What you will do → Skip the pictures and write out, word for word, the lines below from the one with "Camiseta Nike Sportswear" through the one with "2 Bedroom Property", inclusive.

The input →
====================

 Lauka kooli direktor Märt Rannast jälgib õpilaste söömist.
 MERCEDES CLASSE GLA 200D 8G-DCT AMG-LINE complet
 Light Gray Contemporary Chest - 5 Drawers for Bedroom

====================

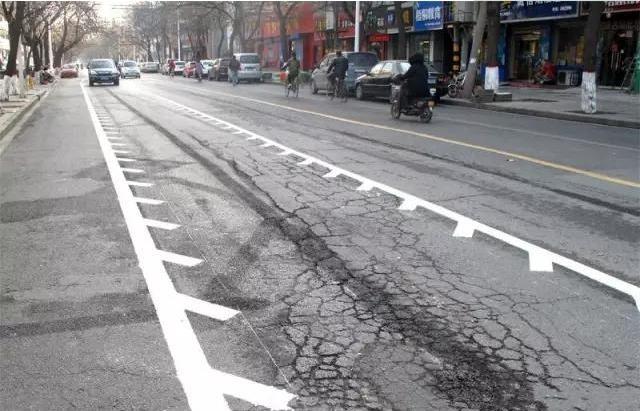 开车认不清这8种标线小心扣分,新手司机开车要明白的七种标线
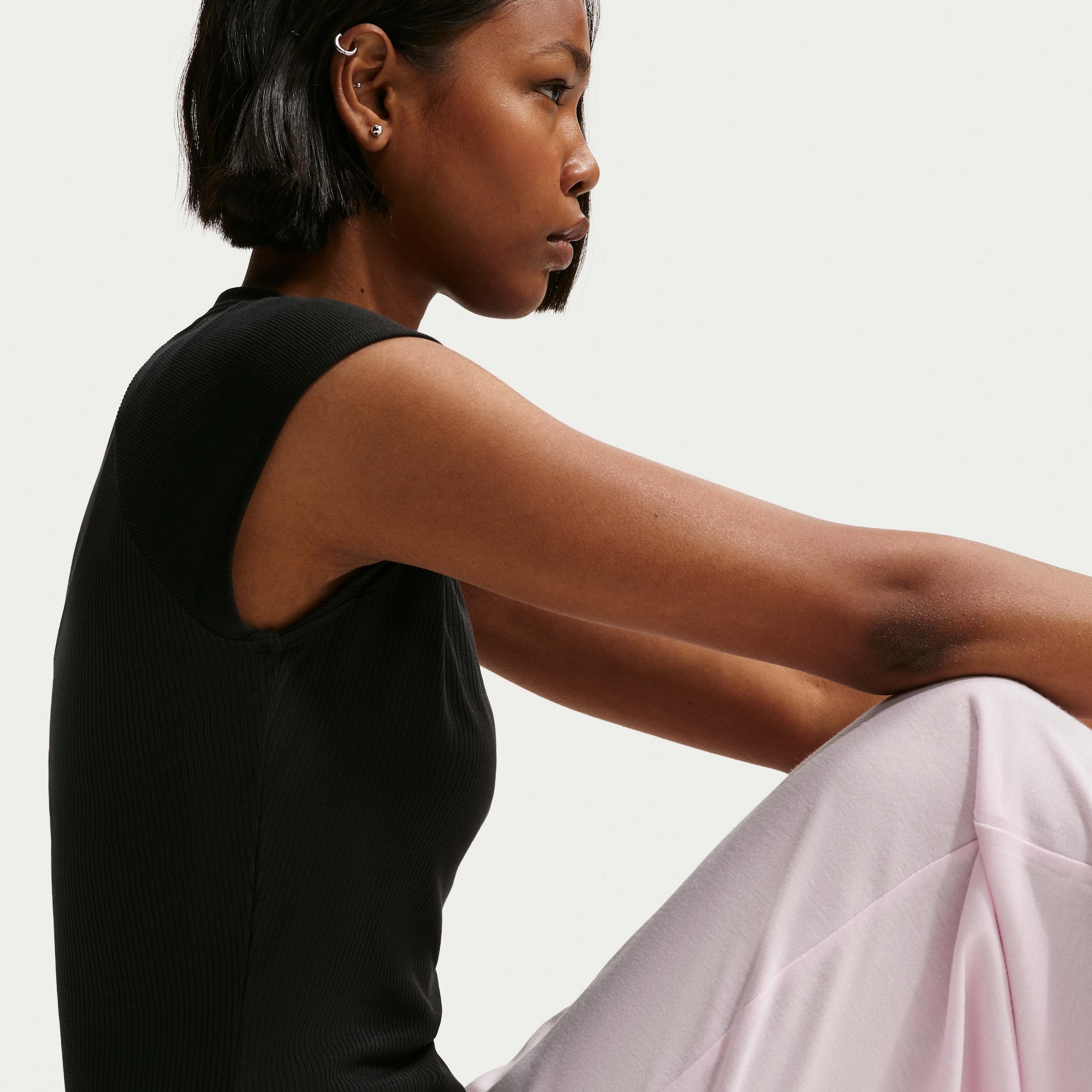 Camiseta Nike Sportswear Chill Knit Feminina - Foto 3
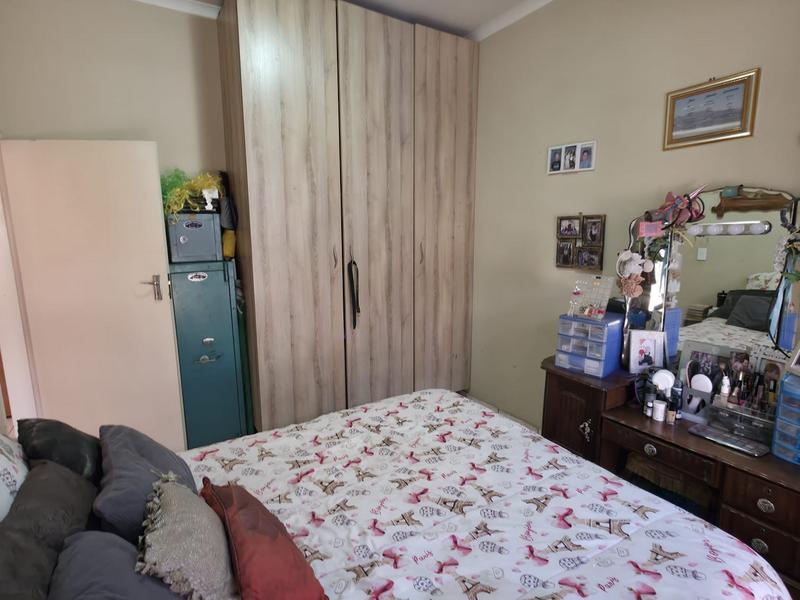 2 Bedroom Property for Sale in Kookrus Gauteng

====================

Answer space →
 Camiseta Nike Sportswear Chill Knit Feminina - Foto 3
 2 Bedroom Property for Sale in Kookrus Gauteng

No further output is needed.